Craig eyes swell and he squeezes his hand tight.

“The same way you love me?” Matthew asks.

“Uhh, not quite,” John Paul fumbles and Craig covers a snicker.

“We’ll explain it to you when you’re older,” Craig says, which seems to satisfy Matthew enough to return to his movie.

“So, what do you say?” John Paul asks, looking back at Craig. “Dinner at Chez McQueen? We’re serving fish fingers and cheese toasties.”

This will be a long, bumpy road, no doubt. Lots of adjustments will have to be made from everyone involved. But by the joyful look in Craig’s eyes and the feeling of absolute calm John Paul feels in his heart, it just might work.

“That sounds perfect.”

“Not exactly the romantic date you were talking about, though is it?” John Paul says as he moves into the kitchen, getting ready to start cooking. Craig follows, his hands on John Paul’s waist.
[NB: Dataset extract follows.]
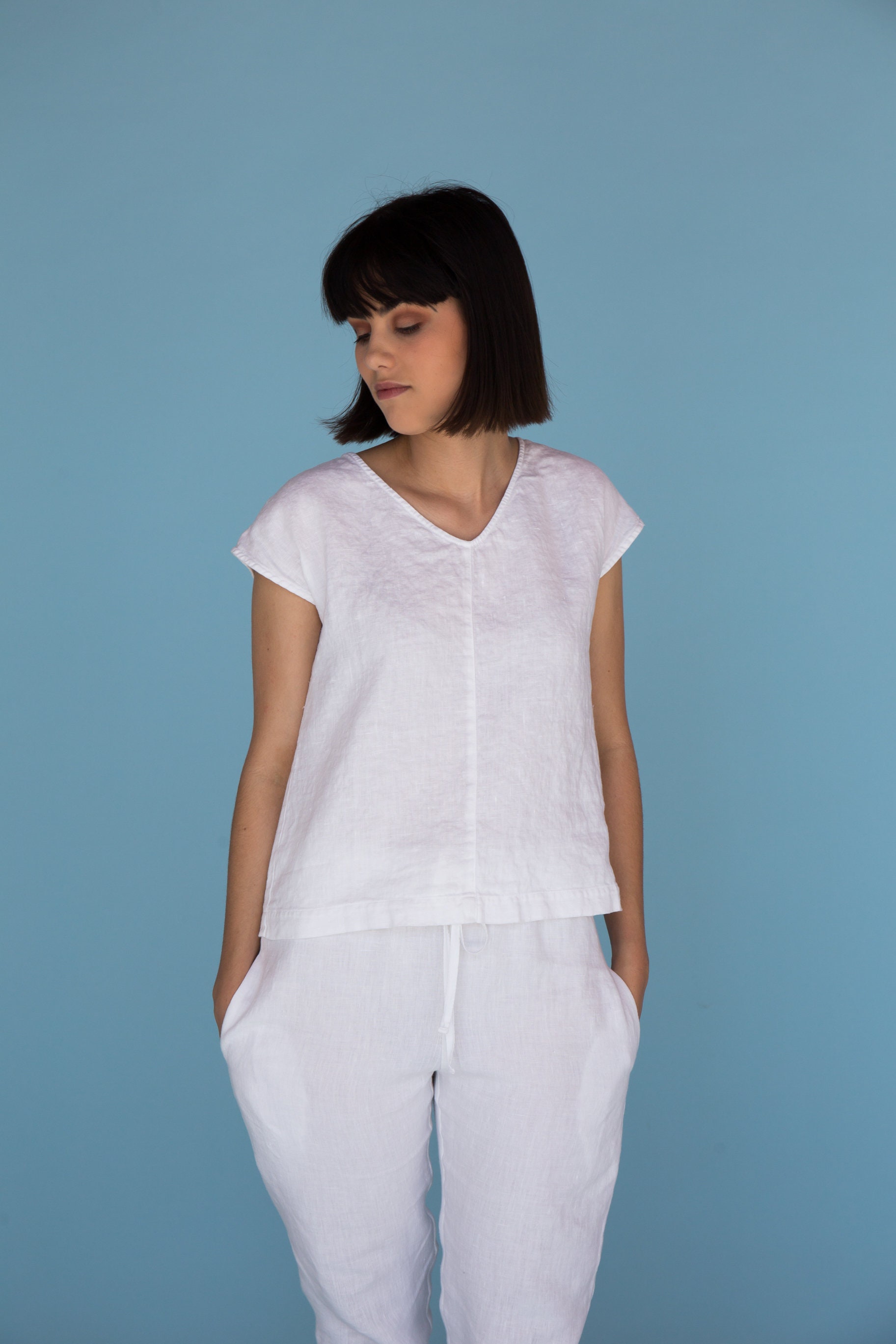 Short-sleeved linen top AMED in White main image 1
He whispers against John Paul’s neck, kissing the skin light, making him shiver.

“We’ll save that for date number two.”

**Notes for the Chapter:**

> Thanks for reading!! This has been really fun. :)

**Author's Note:**

> Oh my. My first McDean fic. Spurred from the though "Why don't they just bring Craig back for John Paul?"
> 
> Please keep in mind that we're in soap world, here. With Hollyoaks being one of the most overly dramatic, explosive soaps out there. So if JP could live through all he did, you better bet Craig will have his own stories to tell in typical HO fashion.